On Fri, 2004-06-25 at 12:00, Fons Adriaensen wrote:
On Fri, Jun 25, 2004 at 06:54:20PM +0200, Thorsten
Wilms wrote:
Requiring the user to read documentation to learn
about functionality
he would not even expect is not an option.
Have education levels gone down *that* far ?
It is not necessarily about education. If you make a widget such that
you have to read docs to use it fully, then you have to translate your
docs into N languages. If you just make it self-explanatory, then you
are done. Of course this requires more thought in the design.
I think this is a lot of the reason European (especially Dutch) design
is so much more advanced than American. In the States, a fire exit sign
says 'EXIT'. In the Netherlands, it is an icon that unmistakably means
'this way out', without any text required.
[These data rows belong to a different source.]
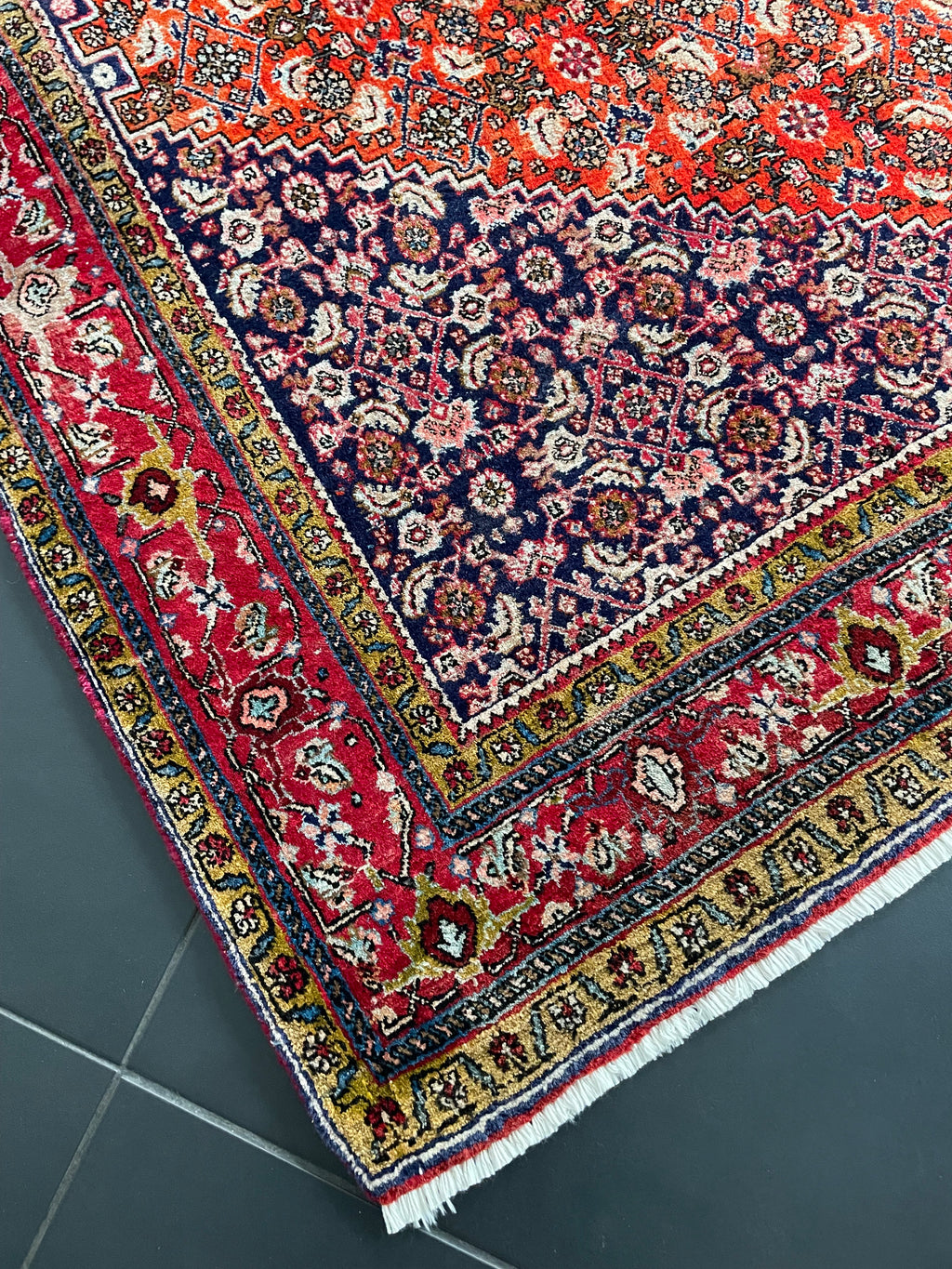 Bidjar rug 225 × 150 cm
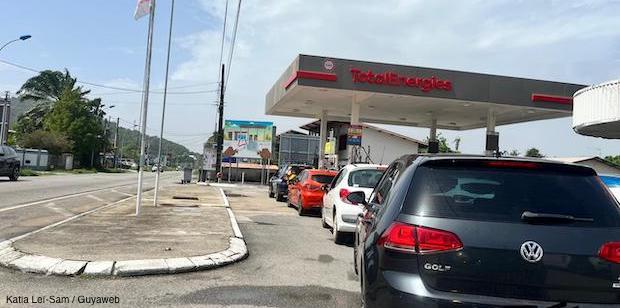 Face à « la hausse brutale » des prix des carburants, le préfet appelle à l&rsquo;unité des Guyanais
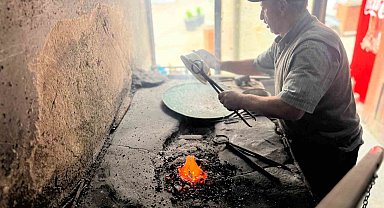 Hüseyin usta tezgahın başında mesleğin son ustalığını sergiliyor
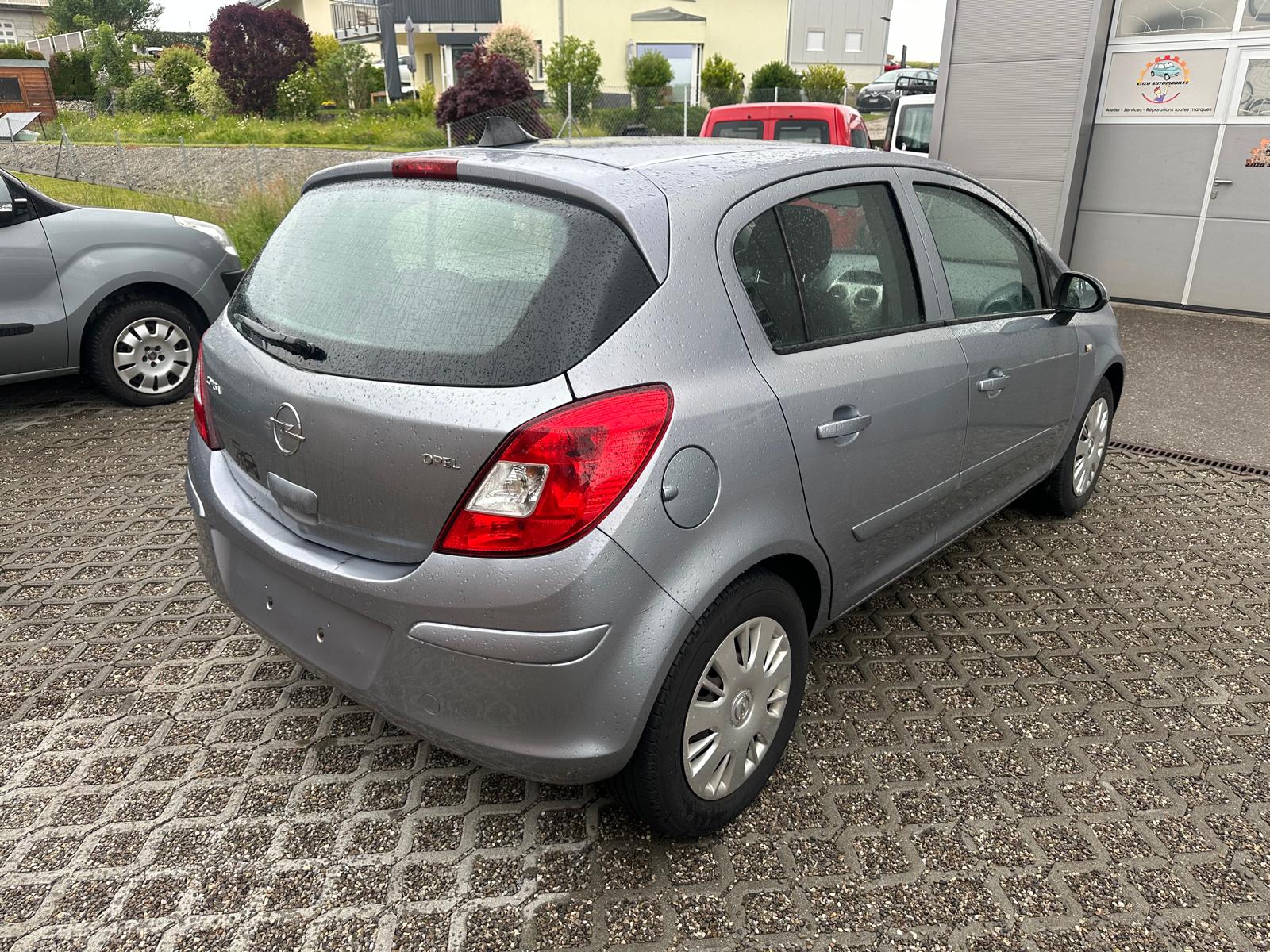 OPEL Corsa 1.4 TP Enjoy-image-1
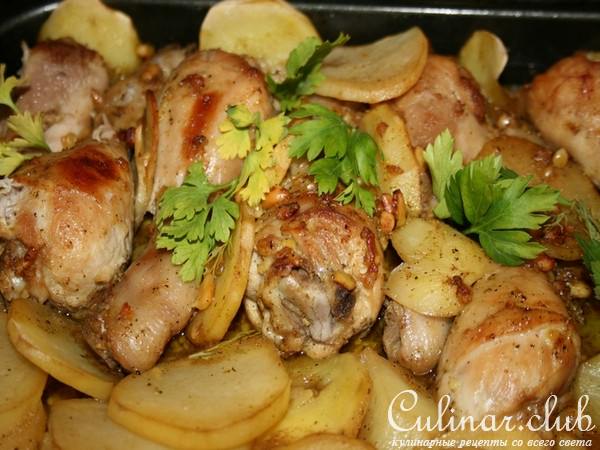Сочные куриные ножки и картофель в медовом соусе.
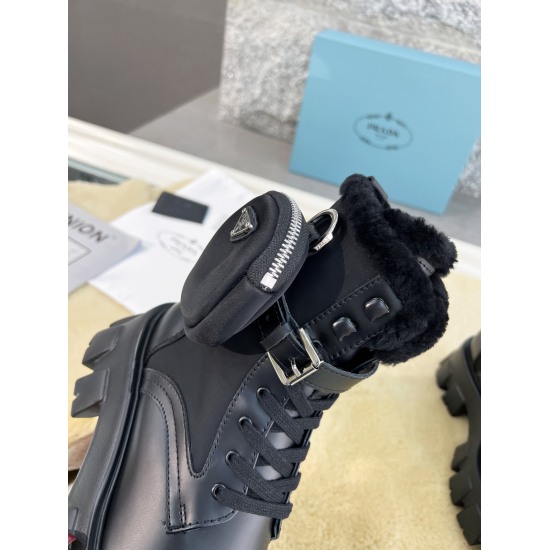 2024.01.05 330 2023 Hot Prada (PRADA) Upper: Imported top layer matte open edge red+waterproof nylon fabric surface+silk top layer sheepskin lining+All oil edge technology of the upper can be compared to the original outsole: TPU+vacuum pumping profession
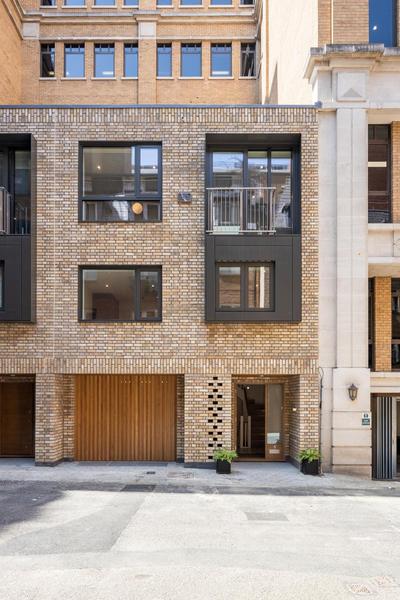 Luxury Central Mayfair Townhouse with AC 3BR 3BA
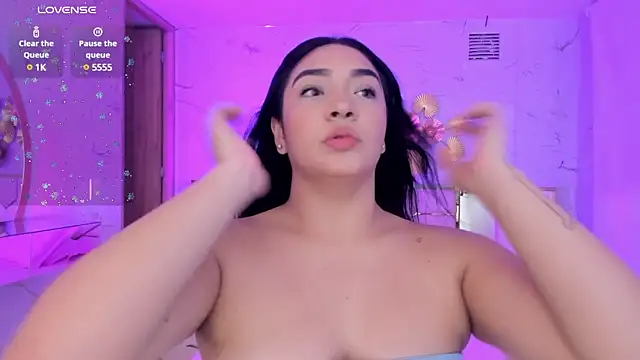 stefany duque1  online show from 8, 3, 2025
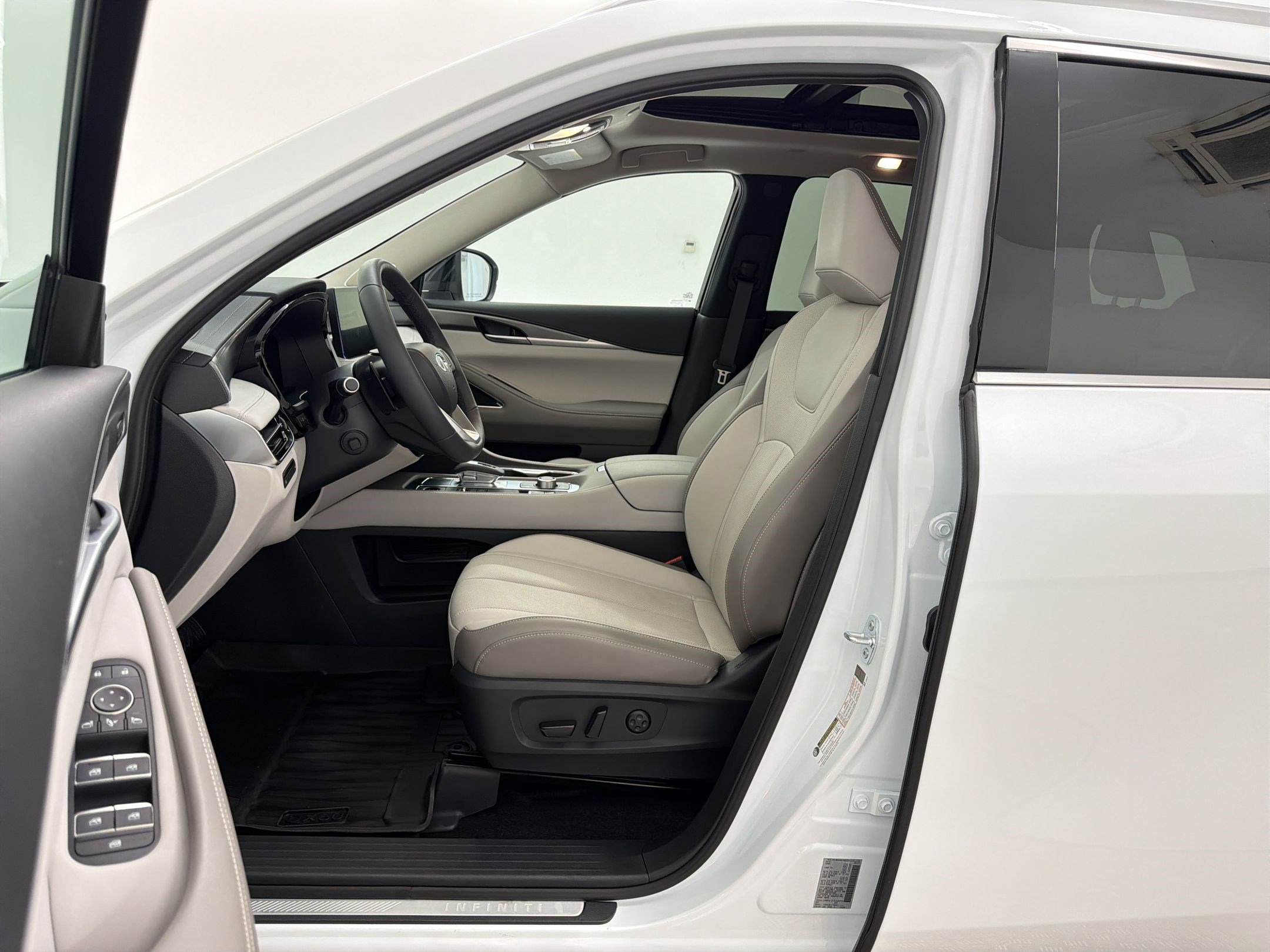 Used 2026 INFINITI QX60 Luxe w/ Cargo Package FWD image 5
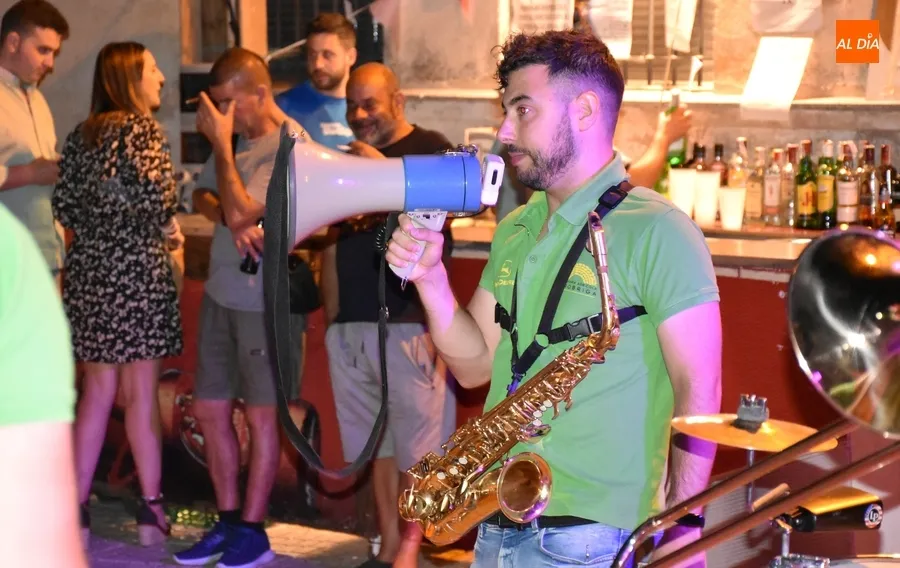 Foto 10 - San Andr&eacute;s inicia la nueva etapa de sus fiestas con la animaci&oacute;n de la Charanga Manliao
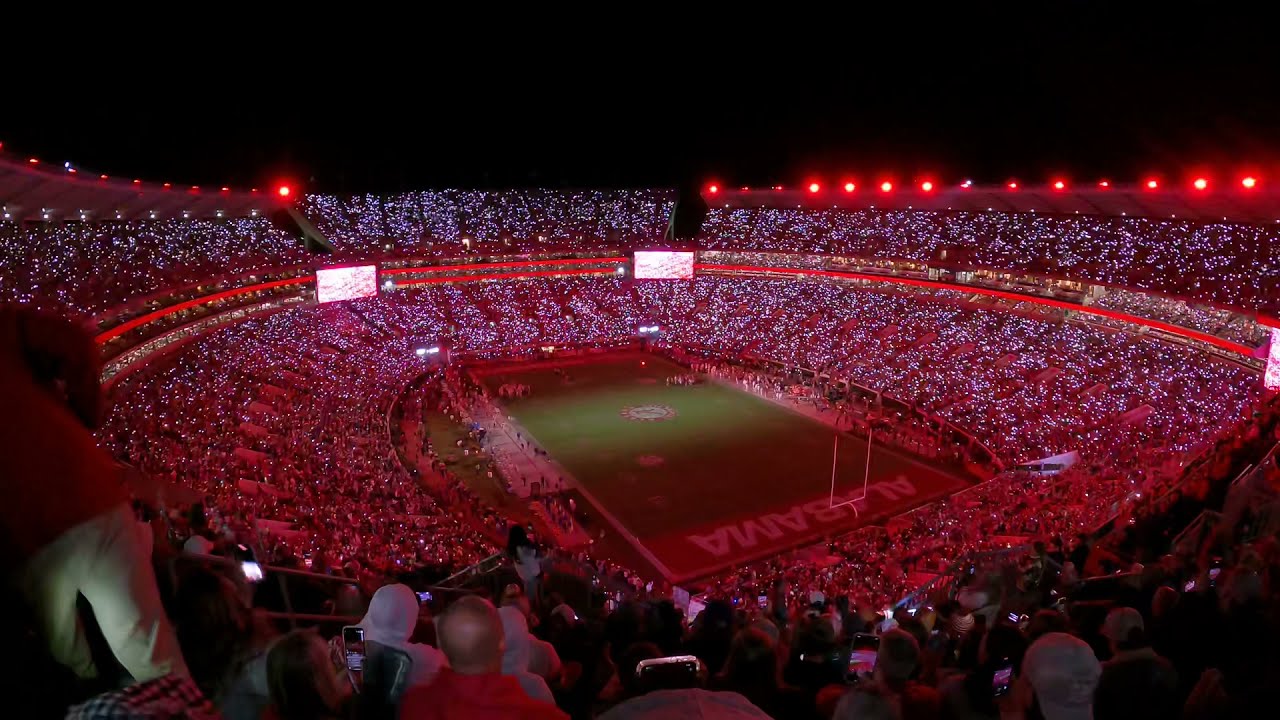 Lights wave of Bryant-Denny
This is *much* harder to do
than just 'EXIT' in big red letters, but required. If there is a fire
in Amsterdam for example, you will have people from 5-10 different
countries running for the exit.
It will not always be possible to make the interface 100%
self-explanatory. The canonical example of this is that there is no
good icon that unambiguously represents 'Undo'.
With regards to radial movement, the only self-explanatory way to do it
that I have seen is mousewheel-on-mouseover. People will figure this
out with no documentation at all. Please make your radial controls work
this way unless there is a good reason not to.